Home Sale Contingency Offer
Contingencies are protective clauses commonly used in real estate transactions for inspections and appraisals. But you can also use a home sale contingency, meaning you offer to buy the new home contingent upon selling your current home.
As a buyer, a contingency offer can be your cheapest route if everything works out. You can use the net proceeds from your home sale to fund the down payment on the new home. This avoids the need for additional loans or short-term financing. You also avoid the risk of multiple mortgage payments and additional interest if your home doesn’t sell quickly.
The downside is that your purchase offer becomes less attractive from the seller’s perspective. In addition, the home sale contingency adds risk for the seller since they have no control over your current home selling quickly (or at all!).
Especially in the current environment of low existing home inventory, homes are selling quickly, and sellers often have several offers to choose from. If the seller receives other offers without any strings attached, they will likely pass on yours. If your contingent offer is accepted, you’ll likely need to act quickly when selling your current home, especially if the agreement specifies a time period. The seller can back out if your home doesn’t sell within that period.
Short Term Financing
If you want to avoid the contingency offer and put your best foot forward as a buyer, then having short-term financing in place can help ensure you don’t miss out once your ideal next home becomes available. Here are several options:
- Bridge Loan. A bridge loan is paid as a lump sum using your existing home equity and is intended to be repaid upon selling your current home. It allows you to have cash ready for a down payment, thus avoiding a home sale contingency offer. However, this readiness comes with a price. You’ll pay closing costs on the bridge loan and it will have a higher interest rate than a typical 30-year fixed mortgage.
With 30-year fixed mortgage rates currently hovering around 7%, your bridge loan interest will likely be expensive. Also, be prepared to make monthly payments on the bridge loan in addition to your current mortgage payment.
- HELOC. A Home Equity Line of Credit (HELOC) is a revolving credit line that allows you to draw cash from the equity on your current home. HELOCs typically come with variable interest rates, but you can avoid closing costs when drawing from a HELOC. However, there may be early repayment penalties, so make sure you know the terms.
A HELOC can be a great low-cost option for the borrower, but the downside is availability. Banks typically won’t provide a new HELOC if they know your home is going to be sold in the near future. Instead, the bank would rather you use a bridge loan so they can collect closing costs. Therefore, the HELOC is likely only an option to fund your next down payment if you already have one in place.

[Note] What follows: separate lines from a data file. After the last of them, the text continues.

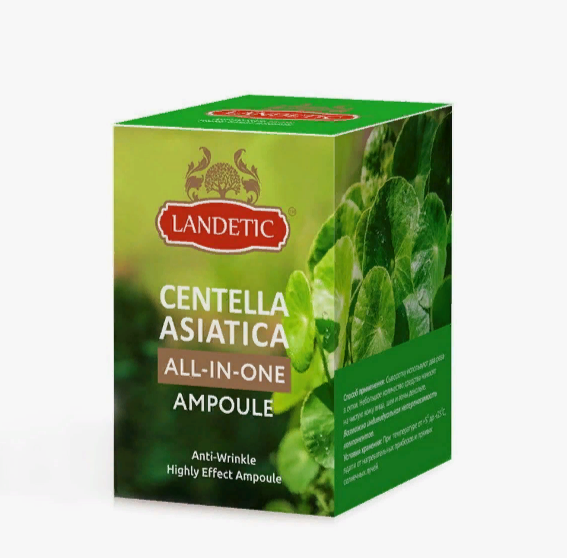 Ампульная сыворотка для лица с экстрактом центеллы азиатской (CENTELLA ASIATICA Landetic) 50 мл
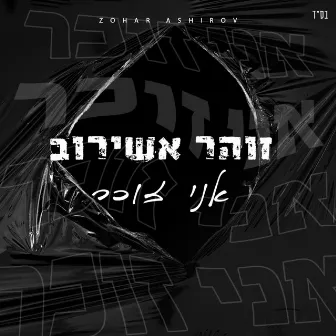 אני זוכר by Zohar Ashirov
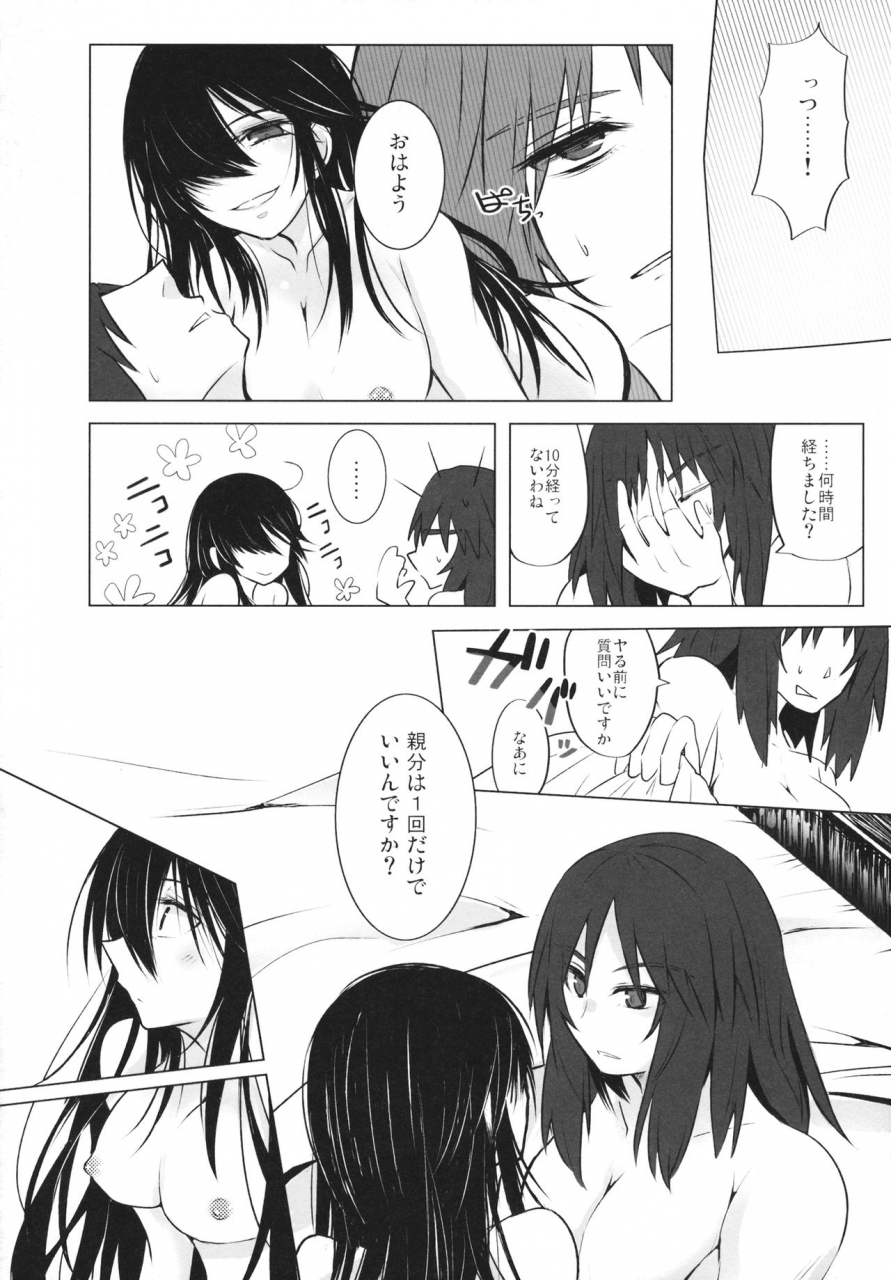 c95-mofu-metal-kurose-bluepredator-girls-und-panzer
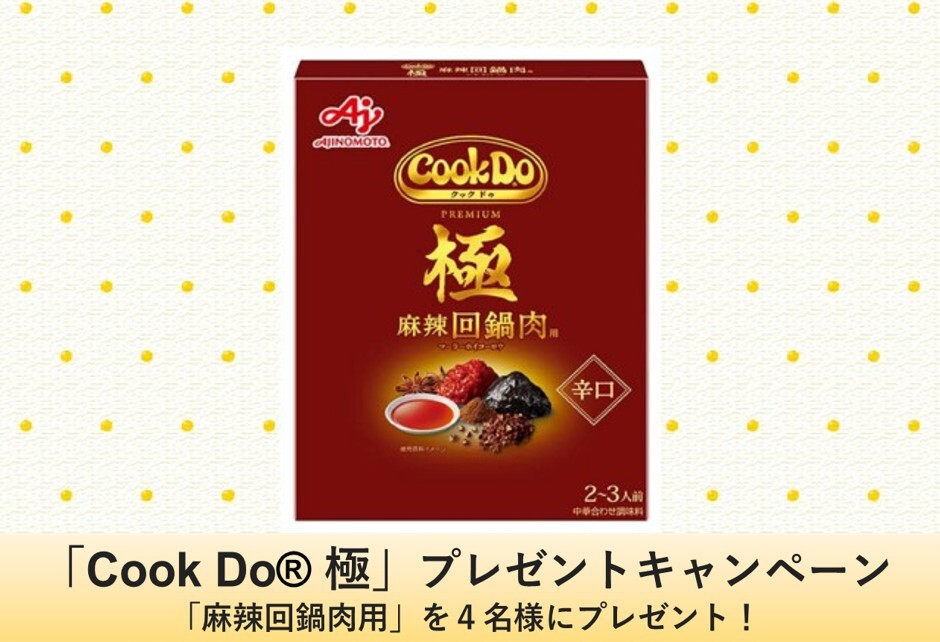 【イマナマ！TIMES】「Cook Do® 極（プレミアム）」プレゼントキャンペーン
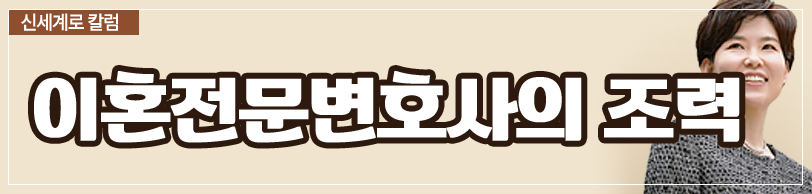 이혼준비 모든것. 단계별로 알려드려요 이미지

- Retirement Plan Loans. Some retirement plans offer the availability of a short-term loan from your account balance. However, this option comes with extra risks and should be considered carefully. You will miss out on the potential growth of your retirement investments for the duration of the loan. Also, if you don’t repay the loan, including interest, according to the loan’s terms, any unpaid amounts become a plan distribution to you. That typically means taxes and penalties.
New Entrants: iBuyers
There are a variety of newer companies that aim to help homeowners facing this dilemma. Opendoor, for example, offers a convenient one-stop solution. They can make a cash offer to buy your current home (if your home qualifies), avoiding the hassle of the open market. You can also make an offer on an existing Opendoor home and schedule both closings simultaneously. Again, a very convenient model, but it typically comes at a cost, as you’ll likely need to accept a lower selling price on your current home than you would expect to receive on the open market.
As you can tell by now, each option has pros and cons. Take the time to fully understand these options before moving forward. It could save you an unwelcomed headache in the process.